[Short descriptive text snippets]

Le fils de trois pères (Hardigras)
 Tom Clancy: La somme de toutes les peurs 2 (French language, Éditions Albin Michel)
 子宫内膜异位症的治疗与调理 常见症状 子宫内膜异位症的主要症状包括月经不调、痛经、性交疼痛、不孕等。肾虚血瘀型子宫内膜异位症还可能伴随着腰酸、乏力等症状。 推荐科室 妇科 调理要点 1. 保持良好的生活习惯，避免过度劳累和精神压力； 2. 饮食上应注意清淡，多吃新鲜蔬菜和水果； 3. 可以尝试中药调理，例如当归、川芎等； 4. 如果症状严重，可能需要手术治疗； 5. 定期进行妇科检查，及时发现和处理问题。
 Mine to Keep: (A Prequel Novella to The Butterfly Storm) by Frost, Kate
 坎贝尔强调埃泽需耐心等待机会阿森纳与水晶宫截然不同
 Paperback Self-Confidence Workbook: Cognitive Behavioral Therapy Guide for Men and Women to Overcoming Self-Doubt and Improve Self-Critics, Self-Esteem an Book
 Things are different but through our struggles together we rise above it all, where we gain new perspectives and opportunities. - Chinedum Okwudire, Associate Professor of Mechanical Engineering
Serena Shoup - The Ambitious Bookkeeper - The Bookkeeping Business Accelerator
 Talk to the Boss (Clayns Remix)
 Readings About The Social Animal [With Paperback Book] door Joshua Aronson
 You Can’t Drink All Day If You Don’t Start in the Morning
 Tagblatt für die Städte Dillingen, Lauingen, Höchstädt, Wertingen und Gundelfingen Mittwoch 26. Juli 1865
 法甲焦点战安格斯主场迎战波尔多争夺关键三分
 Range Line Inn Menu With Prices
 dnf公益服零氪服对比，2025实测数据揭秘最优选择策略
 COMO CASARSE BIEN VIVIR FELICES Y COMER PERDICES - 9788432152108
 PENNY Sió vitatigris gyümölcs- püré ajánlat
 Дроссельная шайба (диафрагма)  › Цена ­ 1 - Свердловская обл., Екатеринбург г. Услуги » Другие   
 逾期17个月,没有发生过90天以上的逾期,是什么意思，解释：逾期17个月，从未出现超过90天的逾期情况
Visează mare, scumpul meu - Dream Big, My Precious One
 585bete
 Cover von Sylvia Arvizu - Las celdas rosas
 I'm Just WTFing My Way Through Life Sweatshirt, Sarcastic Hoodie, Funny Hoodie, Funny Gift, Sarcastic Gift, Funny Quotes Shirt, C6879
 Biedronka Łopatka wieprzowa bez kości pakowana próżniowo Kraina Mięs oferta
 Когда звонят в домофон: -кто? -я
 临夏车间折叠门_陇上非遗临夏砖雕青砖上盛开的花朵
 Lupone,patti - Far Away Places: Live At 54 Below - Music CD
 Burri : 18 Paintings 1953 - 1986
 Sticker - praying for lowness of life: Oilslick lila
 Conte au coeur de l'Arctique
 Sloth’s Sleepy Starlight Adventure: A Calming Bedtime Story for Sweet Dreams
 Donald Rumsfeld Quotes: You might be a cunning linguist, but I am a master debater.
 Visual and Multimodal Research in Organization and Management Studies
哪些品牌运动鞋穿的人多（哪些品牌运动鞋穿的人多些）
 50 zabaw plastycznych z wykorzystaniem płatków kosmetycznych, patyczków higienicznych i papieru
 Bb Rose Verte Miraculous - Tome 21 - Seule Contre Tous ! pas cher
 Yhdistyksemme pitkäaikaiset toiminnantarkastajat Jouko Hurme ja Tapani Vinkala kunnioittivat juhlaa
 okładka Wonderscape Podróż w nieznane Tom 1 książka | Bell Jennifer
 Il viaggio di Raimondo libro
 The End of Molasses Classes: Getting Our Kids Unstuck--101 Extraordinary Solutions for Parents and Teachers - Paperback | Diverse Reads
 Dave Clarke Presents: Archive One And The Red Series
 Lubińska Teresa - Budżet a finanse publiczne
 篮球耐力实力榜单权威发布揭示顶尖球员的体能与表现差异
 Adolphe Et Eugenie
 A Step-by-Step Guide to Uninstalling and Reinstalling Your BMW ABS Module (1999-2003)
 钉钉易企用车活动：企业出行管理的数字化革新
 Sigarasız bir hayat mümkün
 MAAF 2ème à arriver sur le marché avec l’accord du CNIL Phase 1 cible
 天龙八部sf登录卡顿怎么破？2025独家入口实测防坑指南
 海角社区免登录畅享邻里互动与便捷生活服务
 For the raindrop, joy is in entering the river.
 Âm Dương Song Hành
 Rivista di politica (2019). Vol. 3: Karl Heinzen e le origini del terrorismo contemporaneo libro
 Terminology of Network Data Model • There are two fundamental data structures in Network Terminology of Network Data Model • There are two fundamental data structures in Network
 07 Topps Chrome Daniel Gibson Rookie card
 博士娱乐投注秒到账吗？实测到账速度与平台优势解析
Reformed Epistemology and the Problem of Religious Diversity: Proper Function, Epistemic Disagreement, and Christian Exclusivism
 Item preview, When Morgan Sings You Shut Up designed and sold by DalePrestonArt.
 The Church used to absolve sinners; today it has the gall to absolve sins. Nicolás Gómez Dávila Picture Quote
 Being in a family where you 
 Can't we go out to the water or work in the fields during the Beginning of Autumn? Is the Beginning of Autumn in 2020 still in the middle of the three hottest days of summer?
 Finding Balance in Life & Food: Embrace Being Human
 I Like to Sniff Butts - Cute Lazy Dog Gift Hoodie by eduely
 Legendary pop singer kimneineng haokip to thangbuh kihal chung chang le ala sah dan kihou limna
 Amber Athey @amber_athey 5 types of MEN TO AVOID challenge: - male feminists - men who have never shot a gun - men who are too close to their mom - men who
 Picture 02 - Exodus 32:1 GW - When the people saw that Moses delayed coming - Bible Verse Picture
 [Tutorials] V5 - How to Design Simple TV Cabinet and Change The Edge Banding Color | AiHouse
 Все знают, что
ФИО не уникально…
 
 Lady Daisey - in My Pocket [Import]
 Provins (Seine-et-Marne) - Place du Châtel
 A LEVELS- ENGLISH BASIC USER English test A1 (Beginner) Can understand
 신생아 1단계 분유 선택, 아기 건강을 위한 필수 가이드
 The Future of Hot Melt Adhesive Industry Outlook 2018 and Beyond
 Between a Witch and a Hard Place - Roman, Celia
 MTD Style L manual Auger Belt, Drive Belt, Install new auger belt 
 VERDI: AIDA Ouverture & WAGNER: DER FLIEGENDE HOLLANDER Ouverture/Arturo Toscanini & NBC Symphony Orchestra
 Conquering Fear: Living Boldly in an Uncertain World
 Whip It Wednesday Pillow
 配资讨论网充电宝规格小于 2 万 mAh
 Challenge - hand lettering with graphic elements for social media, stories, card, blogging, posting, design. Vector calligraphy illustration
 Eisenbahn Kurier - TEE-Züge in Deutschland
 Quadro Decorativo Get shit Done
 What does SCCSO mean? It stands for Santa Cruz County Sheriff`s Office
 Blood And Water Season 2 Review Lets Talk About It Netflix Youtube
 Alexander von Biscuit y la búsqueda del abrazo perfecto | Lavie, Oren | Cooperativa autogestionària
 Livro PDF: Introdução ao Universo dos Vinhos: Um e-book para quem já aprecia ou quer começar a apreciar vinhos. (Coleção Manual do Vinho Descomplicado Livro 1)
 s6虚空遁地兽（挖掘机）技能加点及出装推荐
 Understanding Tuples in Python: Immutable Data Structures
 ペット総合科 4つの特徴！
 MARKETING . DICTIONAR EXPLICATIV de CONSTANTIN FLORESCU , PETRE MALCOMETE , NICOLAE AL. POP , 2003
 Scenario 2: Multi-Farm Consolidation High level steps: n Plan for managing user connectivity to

ASSIGNMENT => Beginning at the top of the data, please return every line until and including the line containing "Paperback Self-Confidence Workbook: Cognitive", copied exactly, and nothing past it.

OUTPUT FOR THIS TASK =>
Le fils de trois pères (Hardigras)
 Tom Clancy: La somme de toutes les peurs 2 (French language, Éditions Albin Michel)
 子宫内膜异位症的治疗与调理 常见症状 子宫内膜异位症的主要症状包括月经不调、痛经、性交疼痛、不孕等。肾虚血瘀型子宫内膜异位症还可能伴随着腰酸、乏力等症状。 推荐科室 妇科 调理要点 1. 保持良好的生活习惯，避免过度劳累和精神压力； 2. 饮食上应注意清淡，多吃新鲜蔬菜和水果； 3. 可以尝试中药调理，例如当归、川芎等； 4. 如果症状严重，可能需要手术治疗； 5. 定期进行妇科检查，及时发现和处理问题。
 Mine to Keep: (A Prequel Novella to The Butterfly Storm) by Frost, Kate
 坎贝尔强调埃泽需耐心等待机会阿森纳与水晶宫截然不同
 Paperback Self-Confidence Workbook: Cognitive Behavioral Therapy Guide for Men and Women to Overcoming Self-Doubt and Improve Self-Critics, Self-Esteem an Book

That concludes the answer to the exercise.